(Data provided)

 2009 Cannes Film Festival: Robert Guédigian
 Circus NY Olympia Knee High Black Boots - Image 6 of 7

...

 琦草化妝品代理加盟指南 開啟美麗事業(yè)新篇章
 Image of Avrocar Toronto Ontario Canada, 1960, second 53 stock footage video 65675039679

(Exercise prompt)
Among the lines above, find those containing the word "Image" and copy each.

(Result for this exercise)
 Circus NY Olympia Knee High Black Boots - Image 6 of 7
 Image of Avrocar Toronto Ontario Canada, 1960, second 53 stock footage video 65675039679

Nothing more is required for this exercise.